Create Backup and Restore Linux Server

Backup Your Server's OS
Making a backup of your Linux Operating System is a very simple process that uses tools included in every linux installation.

  1. The first step is to create a location to store the backup. For this article we're going to store the backup on the same hard drive as the installed operating system, but you can attach USB devices like thumb drive and external hard drives and even special storage like iSCSI and NFS mounted device to store the backup.
  2. Once you are logged into the server and at a command line make the directory to store the backup in an organized way such as:
  3. mkdir /backups
  4. Now we will create a compressed version of the Operating System in one single file (tarball) using the tar command.

For RedHat, CentOS and Fedora or any Operating System based on these linux flavors run the following command:

tar cvpzf /backups/backup.tgz --exclude=/proc --exclude=/lost+found --exclude=/backups --exclude=/dev --exclude=/sys --exclude=/boot/grub --exclude=/etc/fstab --exclude=/etc/sysconfig/network-scripts/ --exclude=/etc/udev/rules.d/70-persistent-net.rules /

For Debian or Ubuntu run the following command:

tar cvpzf /backups/backup.tgz --exclude=/proc --exclude=/lost+found --exclude=/backups --exclude=/dev --exclude=/sys --exclude=/boot/grub --exclude=/etc/fstab --exclude=/etc/network/interfaces --exclude=/etc/udev/rules.d/70-persistent-net.rules /

Once the command completes the tarball will be located at /backups/backup.tgz

***HINT: You can change the name of the tarball file with a date identifier and keep multiple versions or "snapshots" of your server's configuration.

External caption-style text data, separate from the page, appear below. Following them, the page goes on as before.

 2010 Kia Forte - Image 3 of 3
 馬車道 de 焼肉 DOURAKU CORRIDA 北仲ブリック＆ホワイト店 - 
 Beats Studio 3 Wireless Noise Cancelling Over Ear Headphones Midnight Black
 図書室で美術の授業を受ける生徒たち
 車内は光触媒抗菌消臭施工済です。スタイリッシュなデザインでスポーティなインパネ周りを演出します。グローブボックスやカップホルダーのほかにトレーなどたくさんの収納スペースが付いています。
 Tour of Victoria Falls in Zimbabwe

Restore Your Server's OS From a Backup


In order to restore your server from the previously created tarball the server must have the same Operating System version loaded on it. This particular method of backup and restore is not meant for bare metal projects that need to restore an Operating System to an empty hard drive. It was actually designed to move a configured Operating System from one hardware platform to another, but also works well for rolling back an operating system to a previous configuration.

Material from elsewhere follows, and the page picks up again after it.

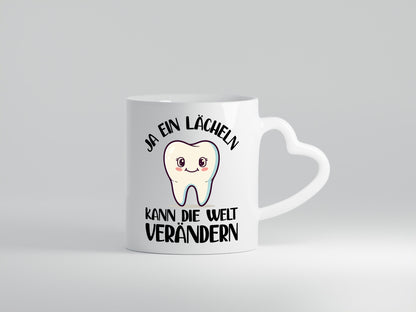 Ein lächeln kann die welt verändrn | Zahnarzt Geschenkidee Humor Tasse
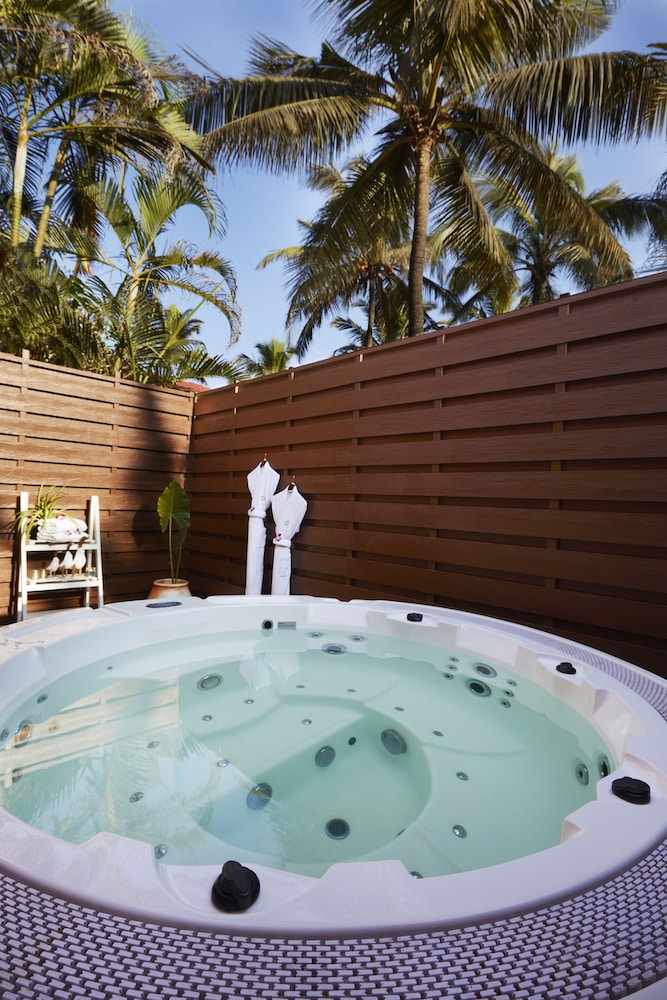 Premium Cottage, 1 King Bed, Hot Tub, Sea View - Photo 2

Once you have a working Operating System either on a new hardware platform or the same hardware platform move the tarball to the server you want to restore. If you stored the tarball on a USB device or other external storage just reattach the device and mount it. If the tarball is on another linux server use commands like this to copy it to the new server’s hard drive:

  1. mkdir /backups
    scp root@original_server:/backups/backup.tgz /backups
  2. Of course replace "original_server" with the appropriate IP address.
  3. Enter the root users password and the transfer will begin.
  4. Once the transfer has completed run this command to extract the tarball thereby restoring the Operating System that the tarball contains:
  5. tar xvpfz /backups/backup.tgz -C /
  6. Complete the process with a reboot and troubleshoot any errors that may come up.